**EXERCISE**. Write out exactly, please, every line from the beginning of the entries to the line holding "Перепозиционирование маркетинговой службы", and no pictures.

________________________

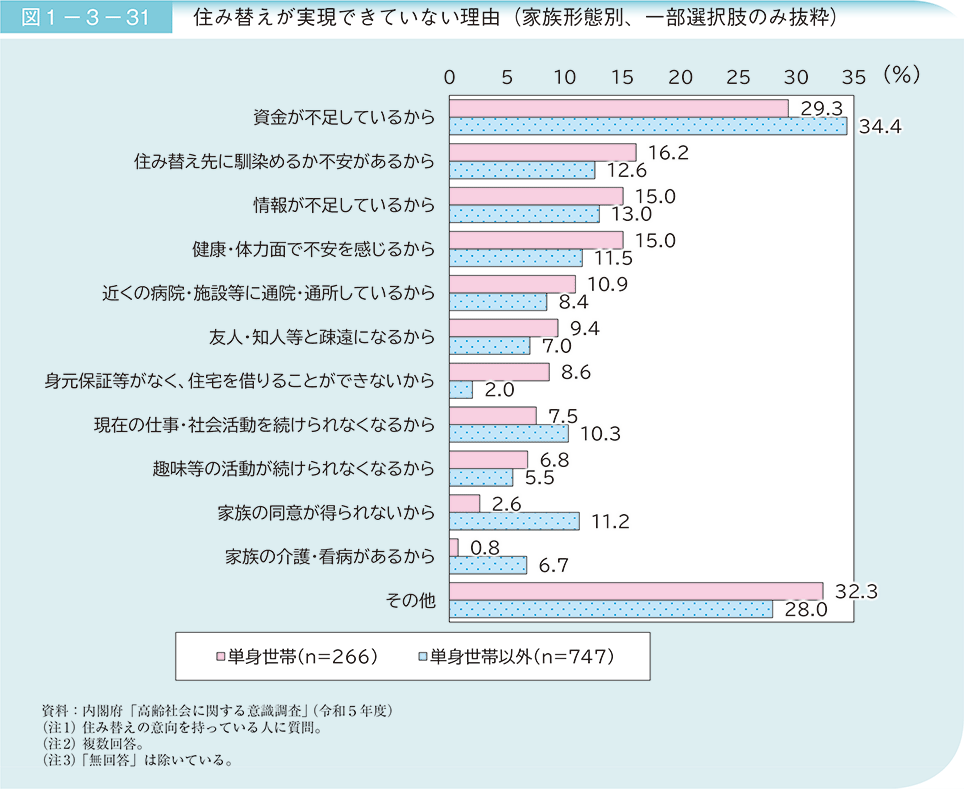 図1－3－31　住み替えが実現できていない理由（家族形態別、一部選択肢のみ抜粋）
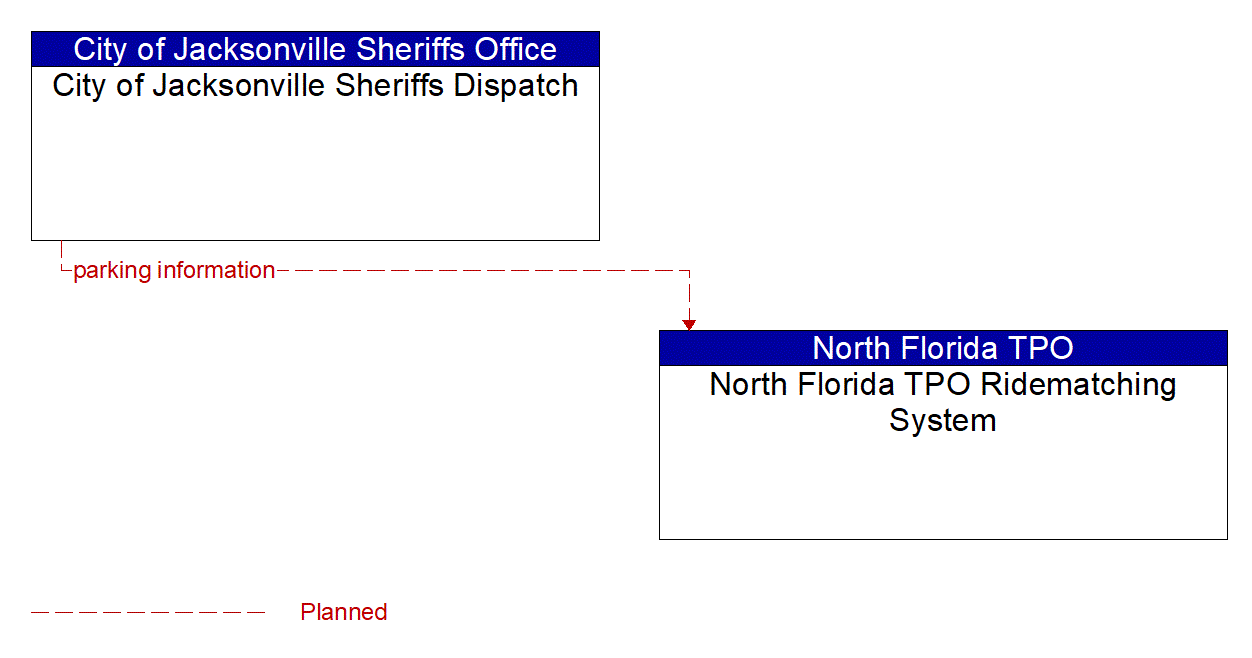 Architecture Flow Diagram: City of Jacksonville Sheriffs Dispatch <--> North Florida TPO Ridematching System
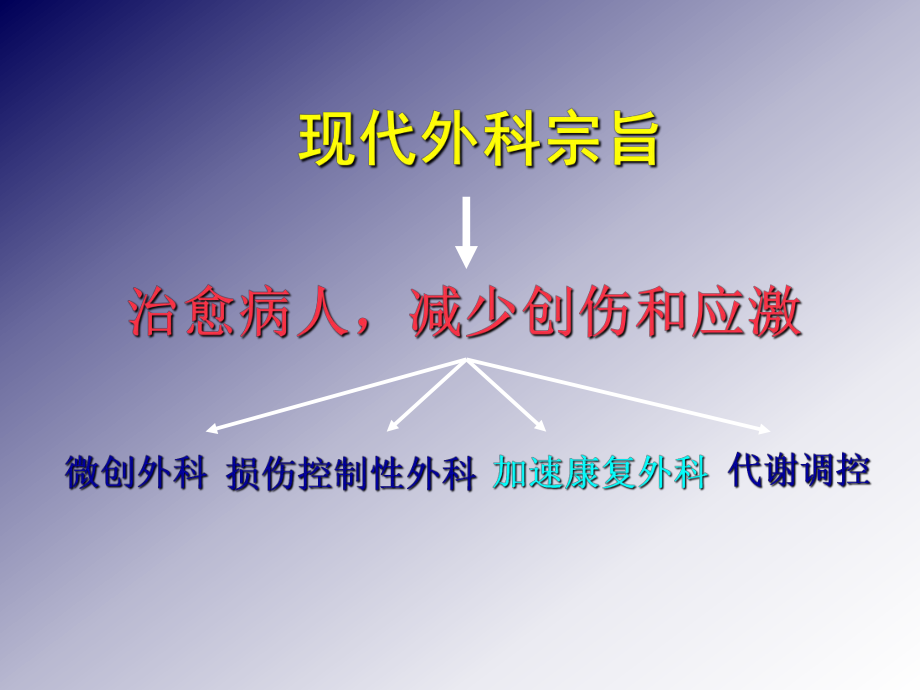 加速康复外科与液体治疗PPT文档资料_第1页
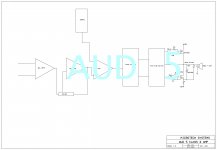 OUT LINE CLASS D.jpg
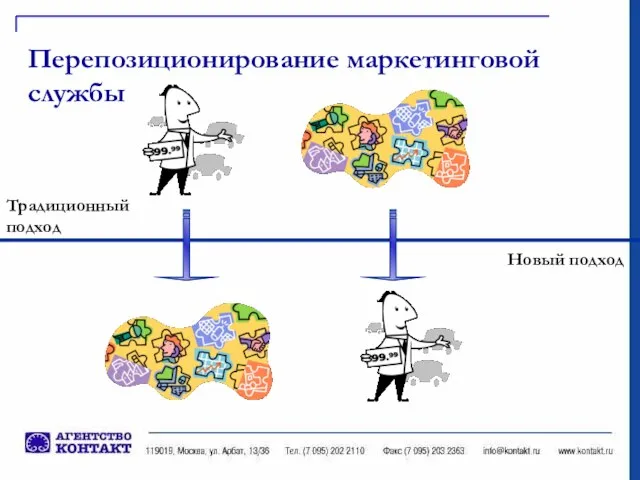 Перепозиционирование маркетинговой службы Традиционный подход Новый подход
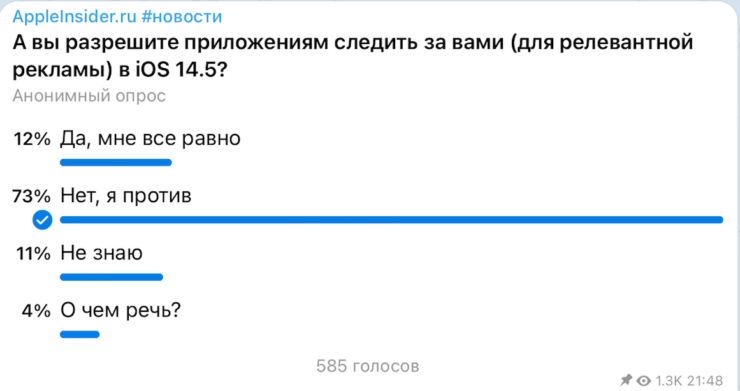 По результатам опроса видно, что большинству пользователей идея слежки не очень нравится. Фото.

________________________

**ANSWER SPACE**.
 図1－3－31　住み替えが実現できていない理由（家族形態別、一部選択肢のみ抜粋）
 Architecture Flow Diagram: City of Jacksonville Sheriffs Dispatch <--> North Florida TPO Ridematching System
 加速康复外科与液体治疗PPT文档资料_第1页
 OUT LINE CLASS D.jpg
 Перепозиционирование маркетинговой службы Традиционный подход Новый подход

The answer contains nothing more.